Update Citation model's full span and regexes to account for ReferenceCitation overlaps
With the introduction of ReferenceCitations we noticed they sometimes overlapped with other citation models.
Given that References may be a standalone name As seen in Roe, ... or a name pincite combination As seen in Roe at 223, a reference extraction that does not take into account other citation models may incorrectly extract references that are actually part of the fuller citation models.
Currently, this is managed by eyecite.helpers.filter_citations, but we have been running into bugs due to not having correct full span calculations; or due to having incomplete extractors
overlap with supra
From Example 1
- overlap with supra citation
Twombly, supra, at 553-554
A Reference would be found inside of the Supra due to incomplete full span calculation: https://github.com/freelawproject/eyecite/blob/32ee7566aa079d7285560bdf3e77557740a5fa63/eyecite/find.py#L313-L324
overlap with short case citation
From Example 1
- overlap with ShortCaseCitation
Twombly, 550 U. S.( I think this has been solved recently)

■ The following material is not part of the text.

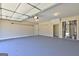 Spacious garage featuring a clean epoxy floor, ample storage, and overhead lighting for a functional space at 227 Lantana Dr, Locust Grove, GA 30248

overlap with single-name and pincite full case citation
Example 2:
-
Nobelman at 332, 113 S.Ct. 2106is actually a pincited case citation (?); currently we would identify it as a Reference followed by: a full citation or maybe a short case citation
overlap with single name full case citation
From example 1
Not strictly related to References, but to parallel citations; this should probably be split into another issue; but I am pointing it here to be added as test cases that we will know will fail
-
State v. Howard, supra 128-129, 539 A.2d 1203.is a single citation that lists all the parallels, but our system will recognize it as a SupraCitation followed by a CaseCitation
On the same example, something similar happens with an IdCitation and parallel citations
I added a logger.error for unknown overlap types; this is bringing in some clues on new citation formats
New overlap type: IdCitation with FullCaseCitation; when the correct citation type would be a FullCaseIdCitation
From this opinion:
...are material. See id. at 248, 106 S. Ct. 2505. A dispute...
The key to reading this is the FullCaseCitation.metadata.defendant. That field is only populated by helpers.add_defendant. In this case, it is finding a stopword in the "See" token before the "id". I think the whole string should be a single citation; but we don't support that with our current model
[
FullCaseCitation('106 S.Ct. 2505', groups={'volume': '106', 'reporter': 'S.Ct.', 'page': '2505'}, metadata=FullCaseCitation.Metadata(parenthetical=None, pin_cite=None, year=None, court='scotus', plaintiff=None, defendant='id. at 248', extra=None, antecedent_guess=None, resolved_case_name_short=None, resolved_case_name=None)),
IdCitation('id.', metadata=IdCitation.Metadata(parenthetical=None, pin_cite='at 248')),
]
Another overlap on the same opinion, a FullCaseCitation with a ShortCaseCitation; in this case, they are actually a parallel citation. Again, the behavior comes from helpers.add_defendant
was pretextual. See McDonnell Douglas, 411 U.S. at 804, 93 S. Ct. 1817
FullCaseCitation('93 S.Ct. 1817', groups={'volume': '93', 'reporter': 'S.Ct.', 'page': '1817'}, metadata=FullCaseCitation.Metadata(parenthetical=None, pin_cite=None, year=None, court='scotus', plaintiff=None, defendant='McDonnell Douglas, 411 U.S. at 804', extra=None, antecedent_guess=None, resolved_case_name_short=None, resolved_case_name=None)).
ShortCaseCitation('411 U.S. at 804', groups={'volume': '411', 'reporter': 'U.S.', 'page': '804'}, metadata=ShortCaseCitation.Metadata(parenthetical=None, pin_cite='804', year=None, court='scotus', antecedent_guess='Douglas'))